Anyway – a few months after the carving was rediscovered, Phil Reeder (1990) wrote:
“After a visit to the Tree of Life stone…a cursory inspection by the NEM Group was made on nearby rock outcrops, part of which showed evidence of recent exposure due to soil erosion.
“One stone in particular stood out as five shallow cups and associated rings could be discerned. When cleaned, it became apparent that further carvings extended beneath a thin eroding soil layer. When this layer was cleared, a complex set of carvings were revealed.
“Only preliminary work at the site has been carried out to date, but it appears that the carvings comprise of at least 28 cups, 13 of which have associated rings; several of the cups are linked by gutters forming an intricate design, one gutter part enclosing 11 cups. The carvings on the lower edge of the stone have weathered badly and are difficult to interpret.”
Reeder’s amateur description is a good one. Certainly more accurate than the subsequent one by Boughey & Vickerman (2003):
“Large rock of coarse grit whose surface slopes with the hill. About forty cups, some large, many with single rings, and many curving grooves, the whole forming a remarkable, complex design.”
We can see in the respective drawings by both Reeder (left) and Boughey & Vickerman (right) that some elements which should have been included in the ‘official’ drawing were missed, yet had been accurately included in the earlier ‘preliminary’ drawing, as Mr Reeder put it. I hope that readers will forgive me pointing out these seemingly minor elements; but I do it to illustrate the ineffectiveness of more recent rock art students who are gaining the title of ‘experts’ in this field. It’s important to recognise that, in this field of study, “experts” are few and far between indeed… I’ve certainly yet to meet any!

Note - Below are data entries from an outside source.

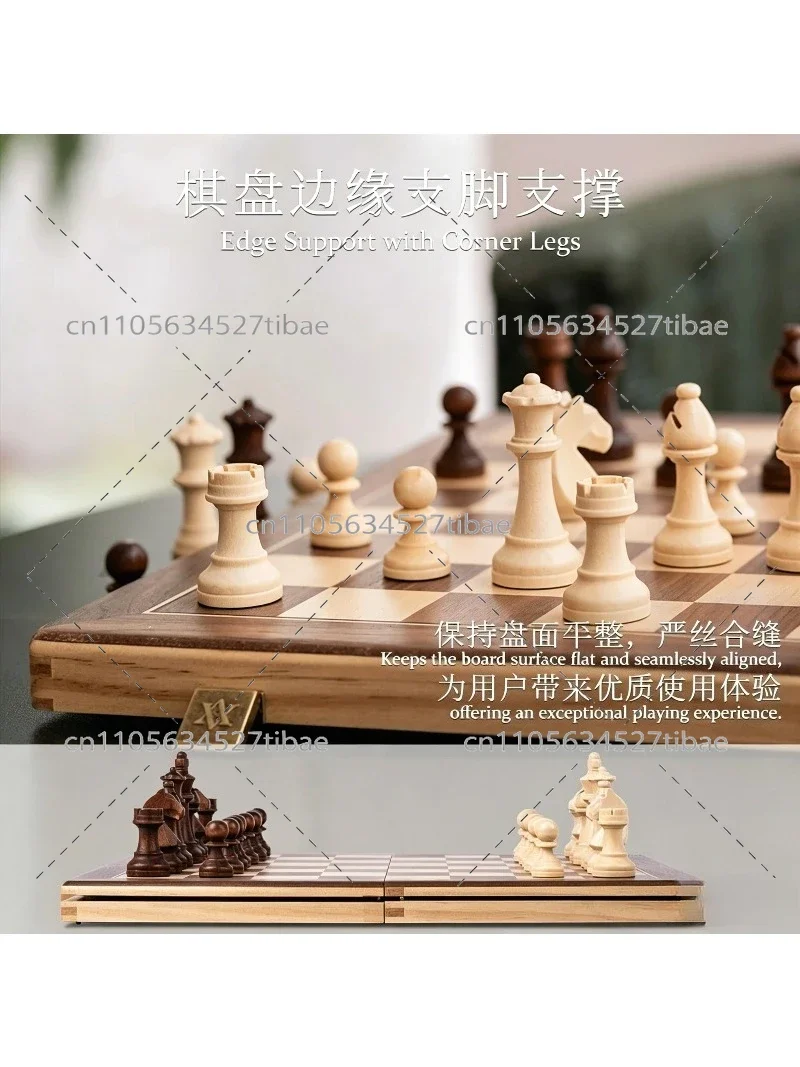 Magnetic Chess Set Solid Wood Chessboard Portable Deluxe Board Game Travel Friendly Durable High Quality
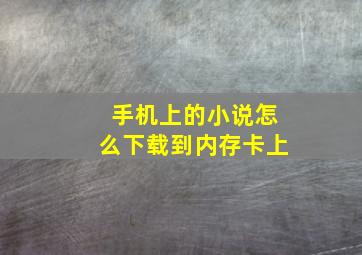 手机上的小说怎么下载到内存卡上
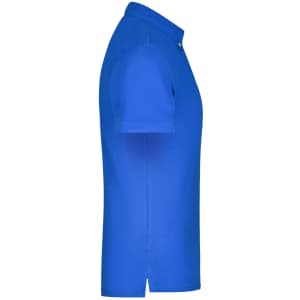 A blue men's plain polo shirt featuring short sleeves and a collar, with a small logo on the side.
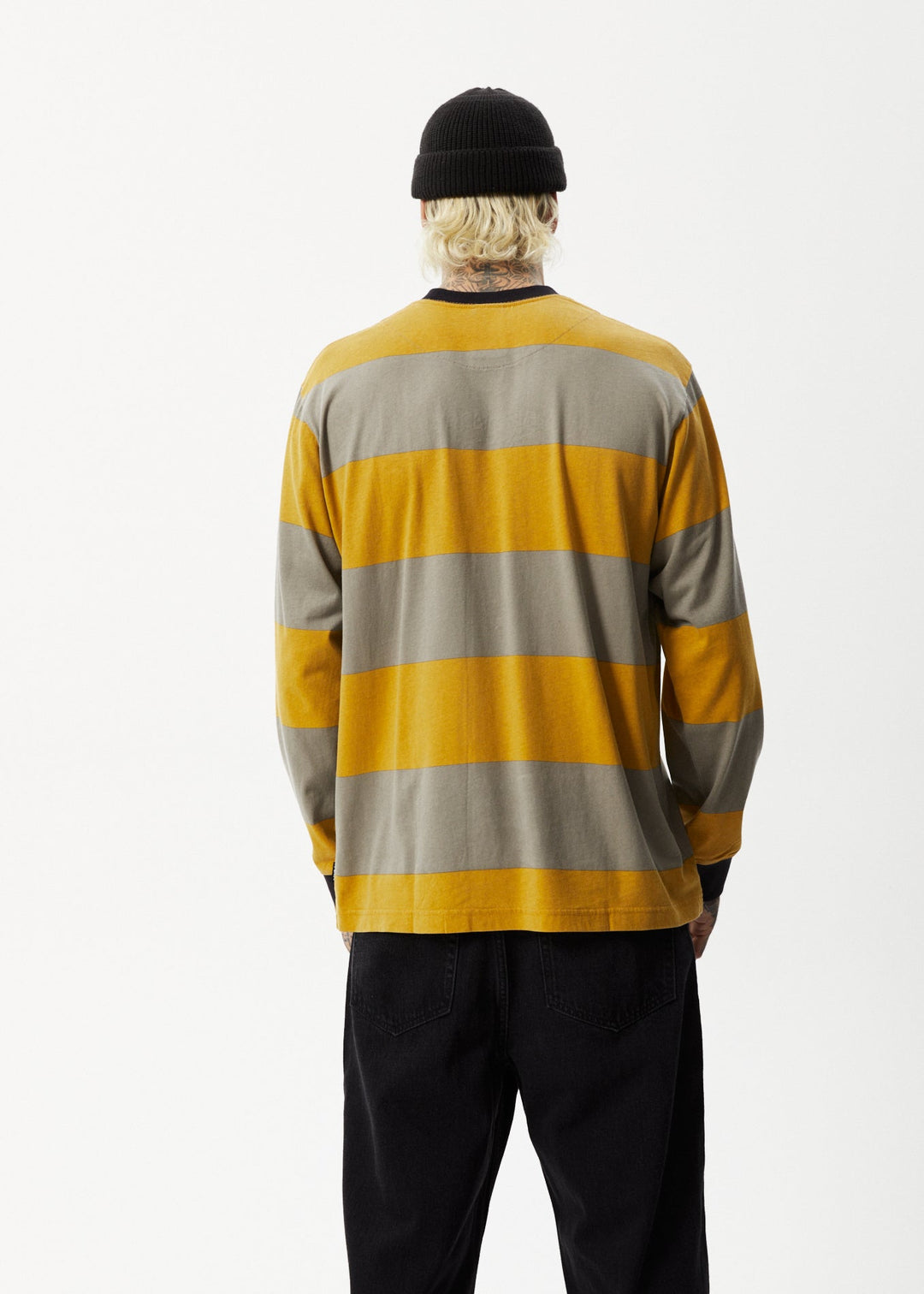 AFENDS Mens Space - Striped Long Sleeve Logo T-Shirt - Mustard Stripe 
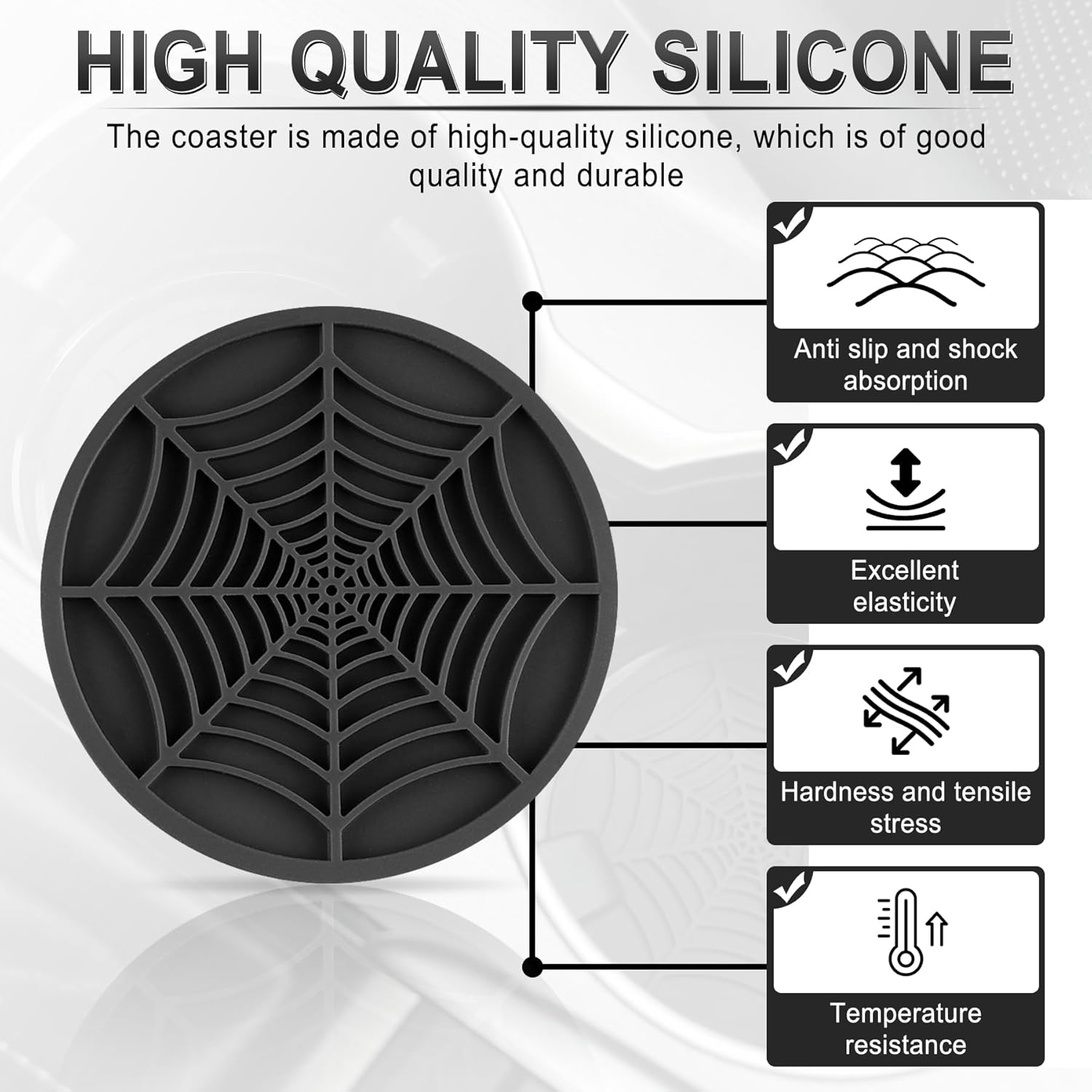 4PCS Spider Web Car Coasters for Cup Holders, Halloween Funny Non-Slip Silicone Insert Ornaments Coasters, Automotive Cupholder Goth Accessories for Men & Women(Black) - Image 3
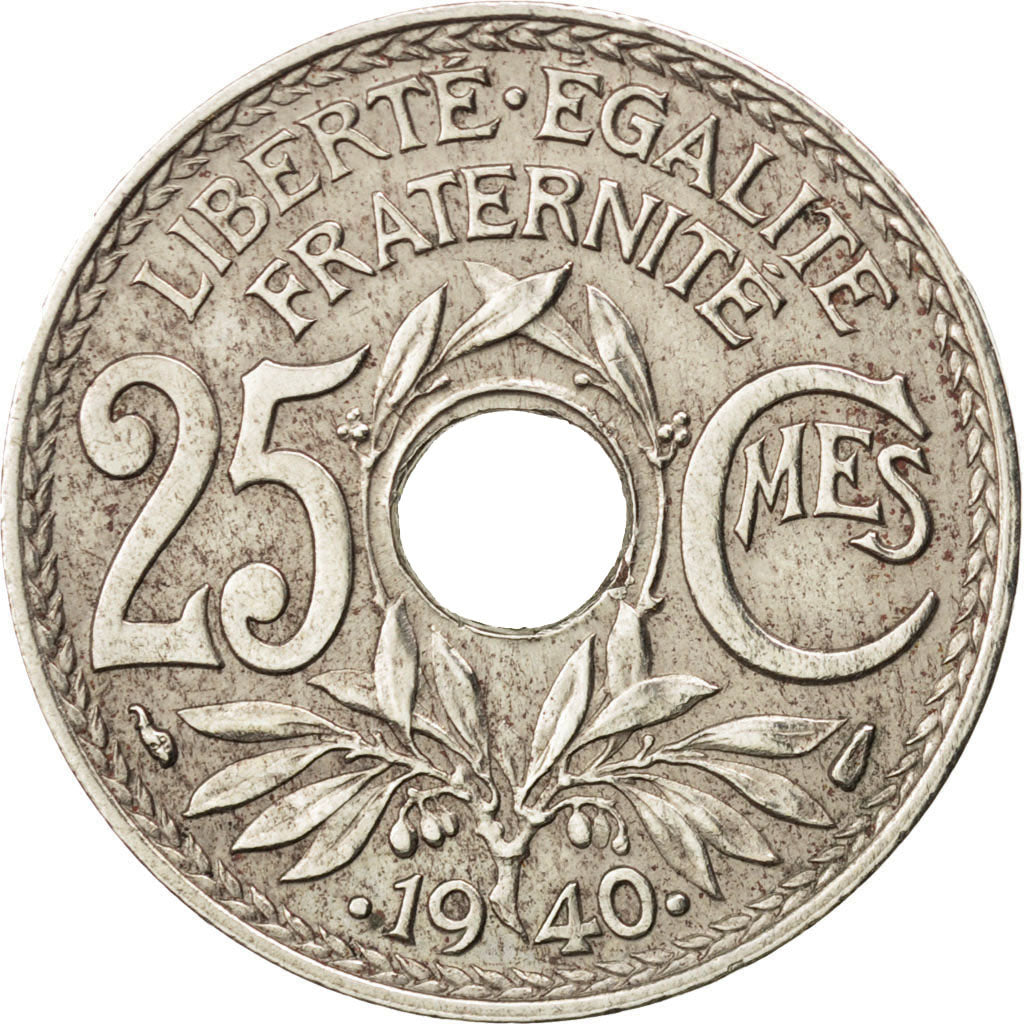 FRANCE, Lindauer, 25 Centimes, 1940, KM #867b, EF(40-45), Nickel-Bronze, 24,...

The carving is mentioned briefly in Beckensall’s (1999) introductory study, with little comment. But of note here is not only the curious linear feature running between two cup-and-rings, but the position of the stone in the landscape. For if you sit either upon or next to this carving, you are looking east straight across the gorgeous Fewston valley directly at the prominent wooded hill of Sword Point. As it slopes down into the present-day greenery of fields and scattered woods, the Wharfe Valley spreads out to the distant east and, as the sun rises and scatters its rays onto the wet morning stone here, the design on the rock awakens with much greater visual lucidity than that which our daytime eyes bestow to us. In all likelihood, sunrise was an important element in whatever mythic function underscored this curious carving, with its human-like figure rising on its southern side, emerging from the edge of the rock, personifying perhaps the rising solar disc and the living landscape as the daylight breath awoke Earth’s creatures; or maybe it signifies a symbolic group of people gathered together watching the sunrise…
Of course, I’m dreaming…
- Barnett, T. & Sharpe, K. (eds.), Carving a Future for British Rock Art, Oxbow: Oxford 2010.
- Beckensall, Stan, British Prehistoric Rock Art, Tempus: Stroud 1999.
- Boughey, Keith, “The Role of the Amateur in the Study of UK Prehistoric Cup-and-Ring Art,” in Barnett & Sharpe, Oxford 2010.
- Boughey, Keith & Vickerman, E.A., Prehistoric Rock Art of the West Riding, WYAS: Leeds 2003.
- Chappell, Graeme, “North Yorkshire Rock Art – New Discoveries,” in Northern Earth, no.62, 1995.
- Michell, John, The Earth Spirit, Thames & Hudson: London 1975.
- Reeder, Phil, “Snowden Carr Rock Carvings,” in Northern Earth Mysteries, no.40, 1990.
- Wilson, Rob, “Pateley Bridge Gathering,” in Northern Earth Mysteries, 40, 1990.